By 1500 China had developed many of the technologies that would characterise Europe’s later predominance: gunpowder, the compass, printing, and a proto-industrial manufacturing sector characterised by a high degree of division of labour, for instance in the famous porcelain kilns of Jingdezhen. Long before Britain, India produced cotton textiles on a broad spectrum of prices and qualities, customised to suit sophisticated consumer tastes in Europe, the Americas, Africa, and East Asia. Before Europe could rival Chinese porcelain or Indian Cotton production, it needed significant technological catch-up.  Other commonalities stand out: both Europe and India as well as the Safavid, Ottoman, and Mughal empires were characterised by intense inter-state competition in which respective governments actively encouraged innovation in the sciences, technology, and manufacture, most notably through inviting (or capturing) skilled experts from abroad. Both Europe and Asia developed distinct cultures of scientific thinking and technical writing as ways of authorizing technology as a legitimate field of scholarly concern.

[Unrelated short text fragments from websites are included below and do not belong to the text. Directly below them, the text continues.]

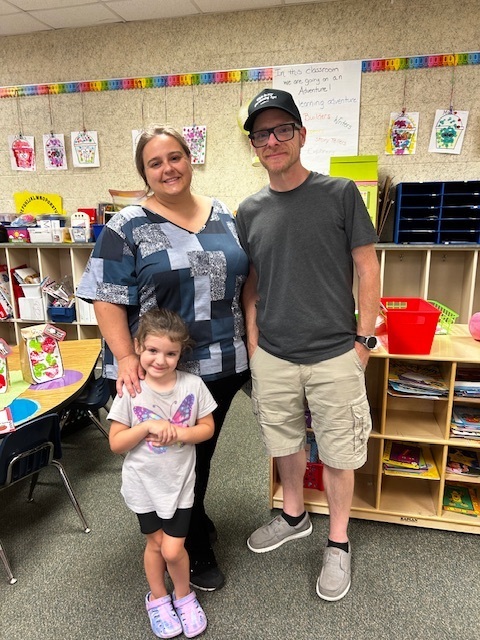 Three people in a classroom with a woman, a man, and a child. The child wears a butterfly shirt.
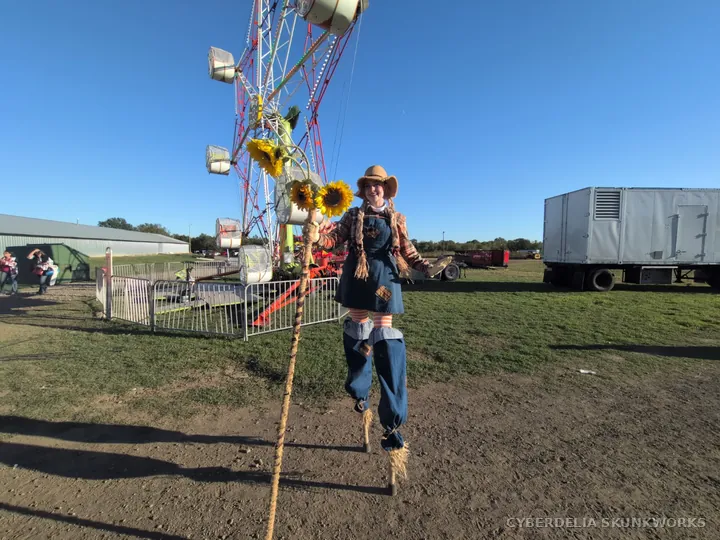 A scarecrow-style stilt walker from Inspyral Circus carries sunflowers.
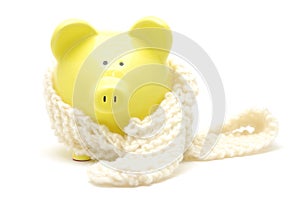 Yellow piggy bank with neckerchief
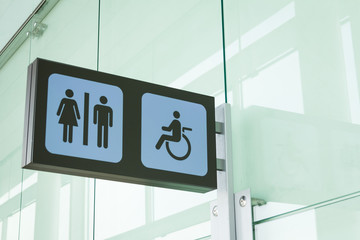 Public restroom signs with a disabled access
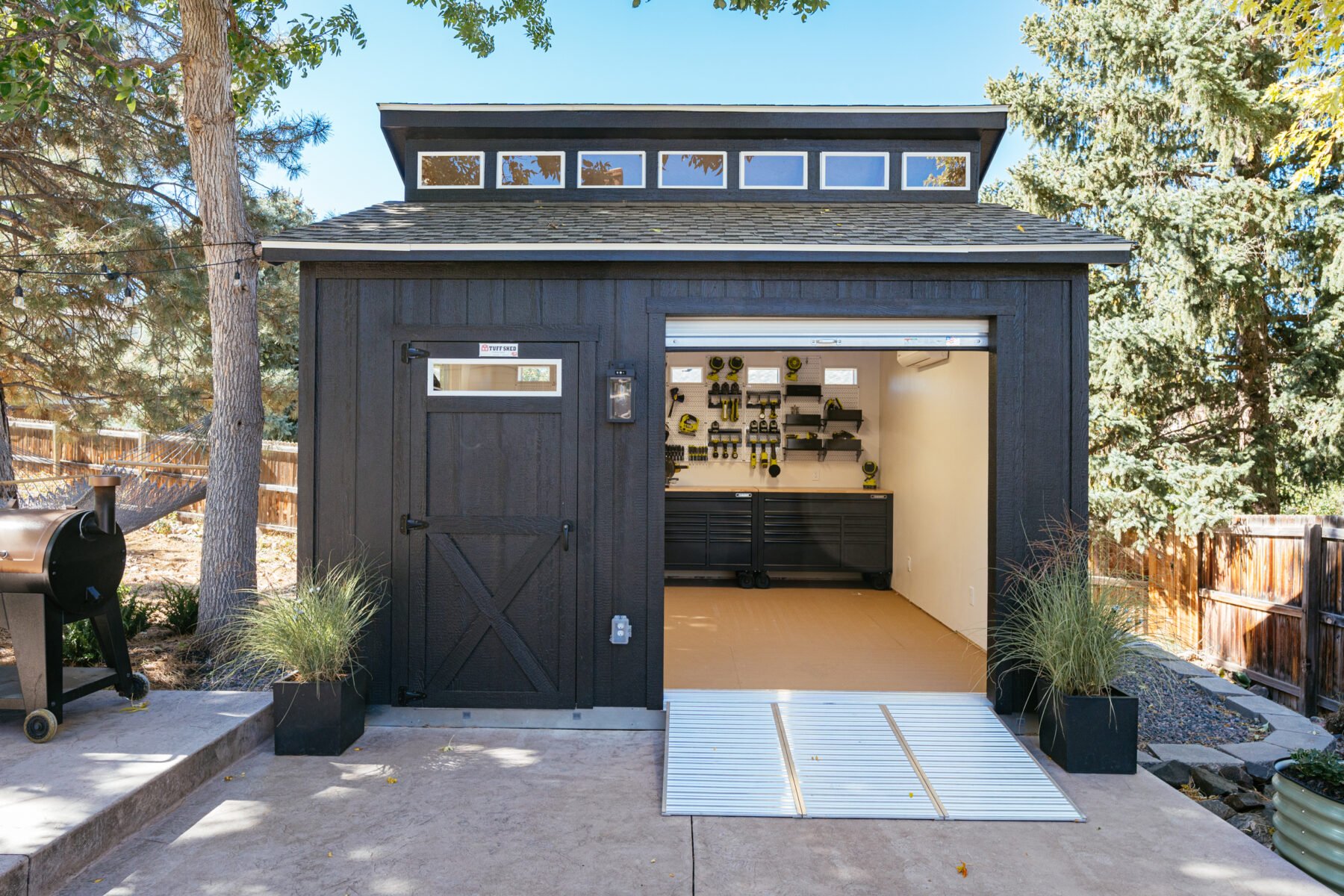 Black woodworking Tuff Shed with roll up door and pegboard.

All of this, of course, requires a real team effort, and we have indeed created a brilliant team to work on our three regions. The PI, Felicia Gottmann, will work on Central and Western Europe and their colonies; Rémi Dewière on the Islamic world, that is the great gunpowder empires and smaller polities of the Middle East, Islamic Africa and South Asia; and Floris van Swet on the Sinosophere, the broader East Asian cultural sphere of East and Southeast Asia. Oliver Gunning, the project PhD student will be working on a smaller study of the British Isles and June Watson, our associate PhD student will focus on global female knowledge networks.


 
 

Focus Areas and Approach

The project will focus on four of the most innovative industries of the period: textiles, ceramics, armaments manufacturing, and watch or instrument making. Textiles were economically the most important part of the early modern manufacturing sector, and one that continued to expand and innovate throughout the period, becoming, in the guise of cotton manufacture, one of the mainstays of the Industrial Revolution. Like textiles, ceramics, armament manufacture, watch and instrument making expanded throughout the period, required highly skilled workers and saw high levels of technical innovation. These industries were of central importance for the scientific, military, and industrial revolutions, and their highly skilled practitioners were much sought-after by competing states. State and individual entrepreneurial efforts to attract such experts lead to increased levels of mobility, whilst conversely workers in these industries when faced with religious or political persecution at home found it easier to move abroad. The four areas saw genuinely global knowledge exchange in this period: as I already mentioned, French and Ottoman weapon-smiths and instrument makers moved to India, Korean porcelain makers to Japan, Chinese potters to the Safavid Empire, and Indian and Levantine weavers moved to France. Finally, all these sectors maintained close links with the ‘official’ scientific establishment. This makes them particularly suited to the explorations of connections between migration, skilled practice, scientific institutions, and technological innovation, as well as between these and the diffusion and implementation of such innovation.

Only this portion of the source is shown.